===== Supplied information =====
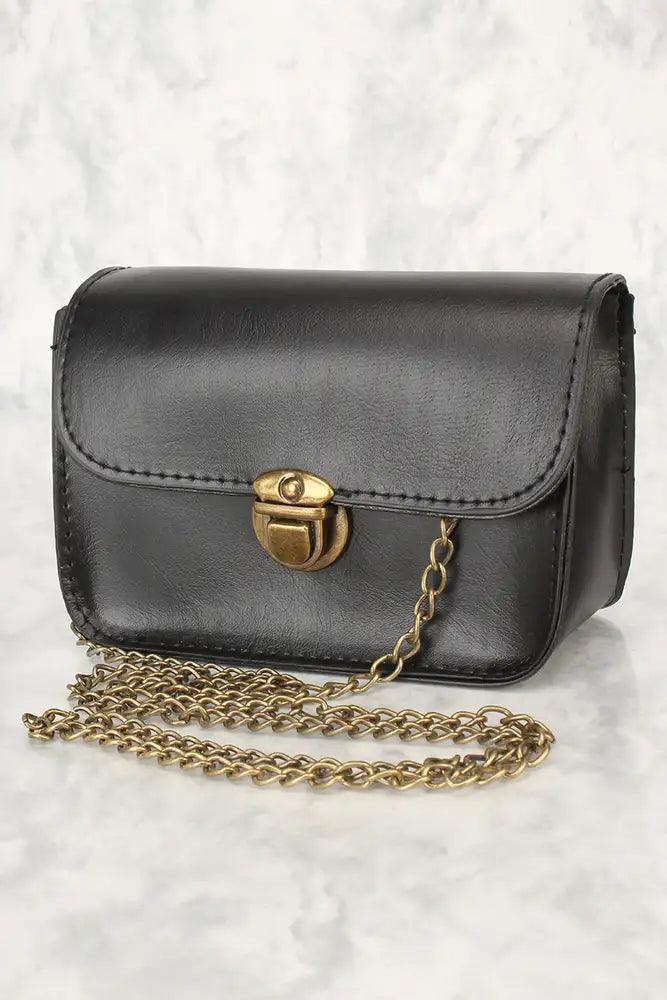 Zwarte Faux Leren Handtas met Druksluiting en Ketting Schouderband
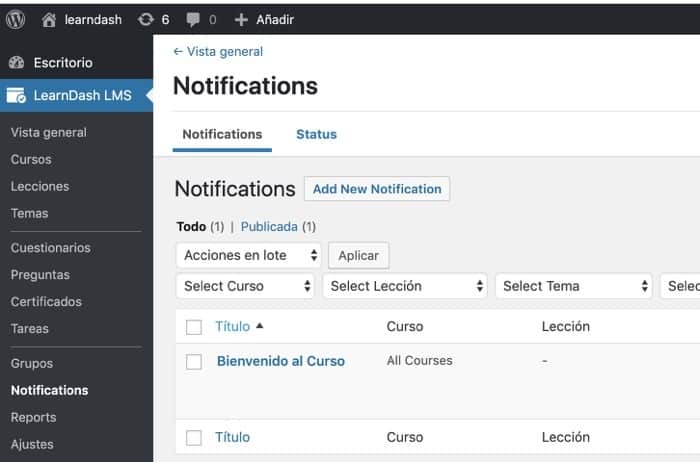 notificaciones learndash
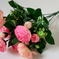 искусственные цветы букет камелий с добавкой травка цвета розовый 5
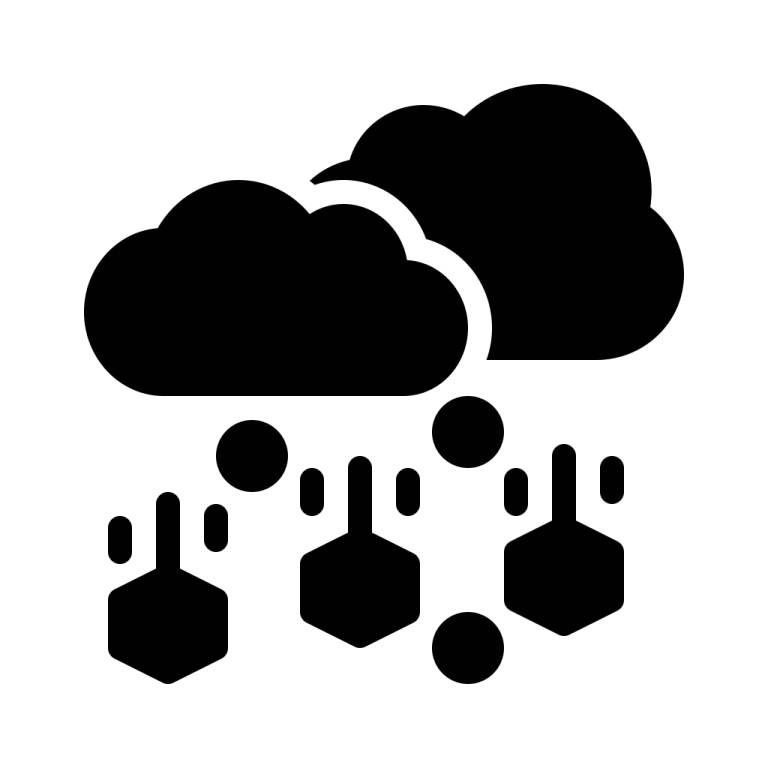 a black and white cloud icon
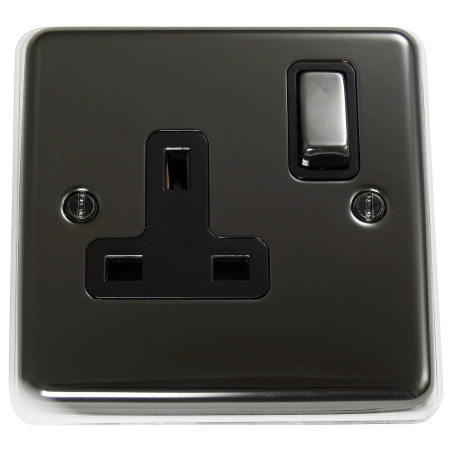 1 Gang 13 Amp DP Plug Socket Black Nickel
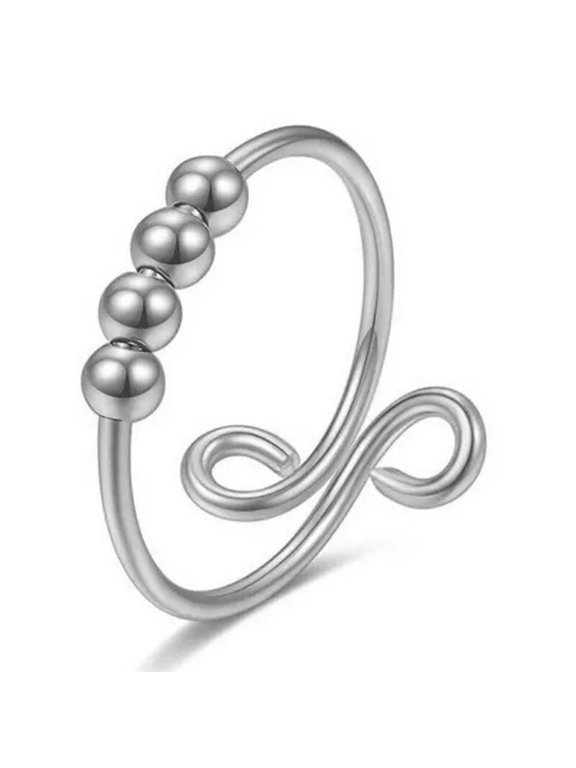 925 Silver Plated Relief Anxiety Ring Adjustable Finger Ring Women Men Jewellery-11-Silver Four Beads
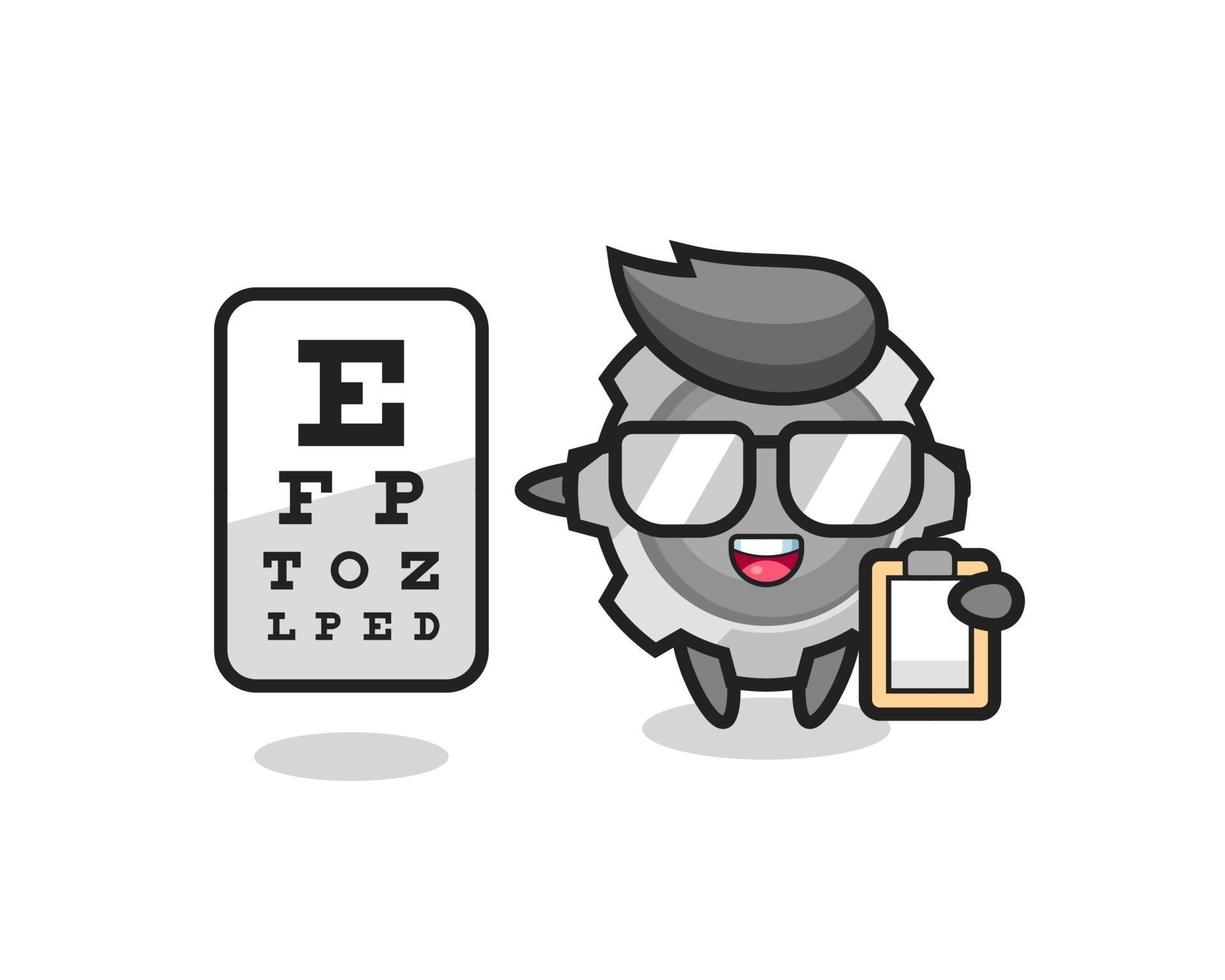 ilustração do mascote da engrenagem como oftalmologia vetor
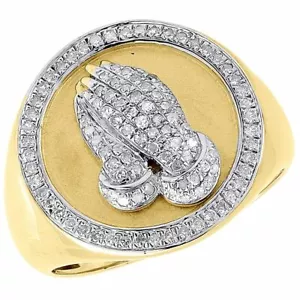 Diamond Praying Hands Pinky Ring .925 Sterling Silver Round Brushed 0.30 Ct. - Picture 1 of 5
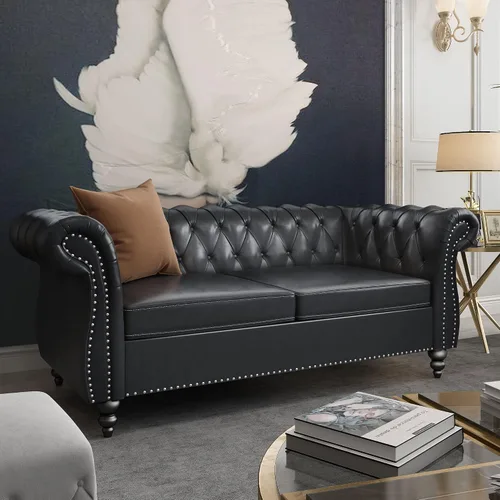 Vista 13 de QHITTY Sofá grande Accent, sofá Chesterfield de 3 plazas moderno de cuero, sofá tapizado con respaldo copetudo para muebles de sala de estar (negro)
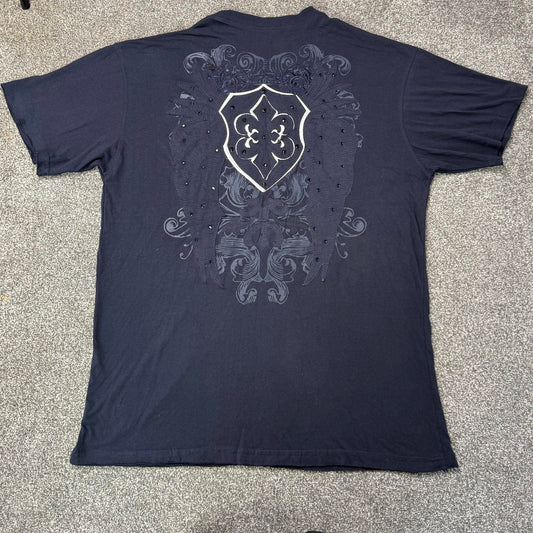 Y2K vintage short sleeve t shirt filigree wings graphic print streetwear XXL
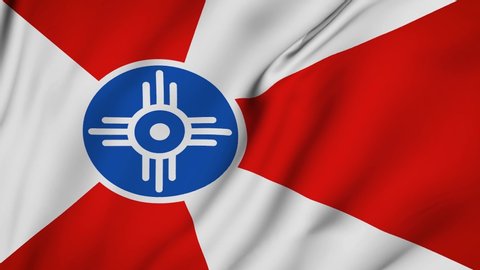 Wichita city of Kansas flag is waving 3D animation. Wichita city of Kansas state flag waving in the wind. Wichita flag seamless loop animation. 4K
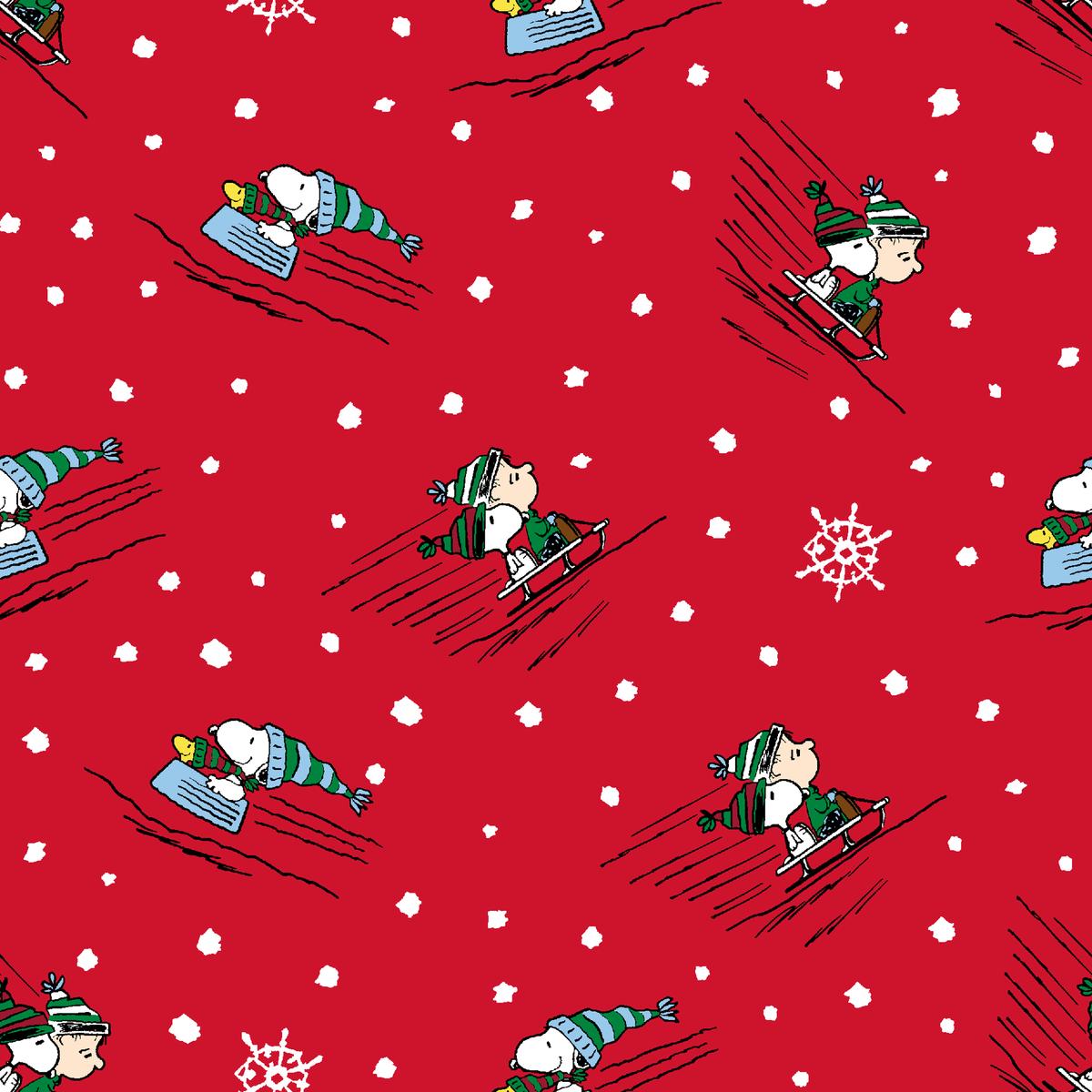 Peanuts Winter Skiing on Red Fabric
=====
→ **Work order**
Exactly what appears in the records above must be returned, apart from the pictures.

→ **Exercise response**
 Zwarte Faux Leren Handtas met Druksluiting en Ketting Schouderband
 notificaciones learndash
 искусственные цветы букет камелий с добавкой травка цвета розовый 5
 a black and white cloud icon
 1 Gang 13 Amp DP Plug Socket Black Nickel
 925 Silver Plated Relief Anxiety Ring Adjustable Finger Ring Women Men Jewellery-11-Silver Four Beads
 ilustração do mascote da engrenagem como oftalmologia vetor
 Diamond Praying Hands Pinky Ring .925 Sterling Silver Round Brushed 0.30 Ct. - Picture 1 of 5
 Vista 13 de QHITTY Sofá grande Accent, sofá Chesterfield de 3 plazas moderno de cuero, sofá tapizado con respaldo copetudo para muebles de sala de estar (negro)
 Y2K vintage short sleeve t shirt filigree wings graphic print streetwear XXL
 Wichita city of Kansas flag is waving 3D animation. Wichita city of Kansas state flag waving in the wind. Wichita flag seamless loop animation. 4K
 Peanuts Winter Skiing on Red Fabric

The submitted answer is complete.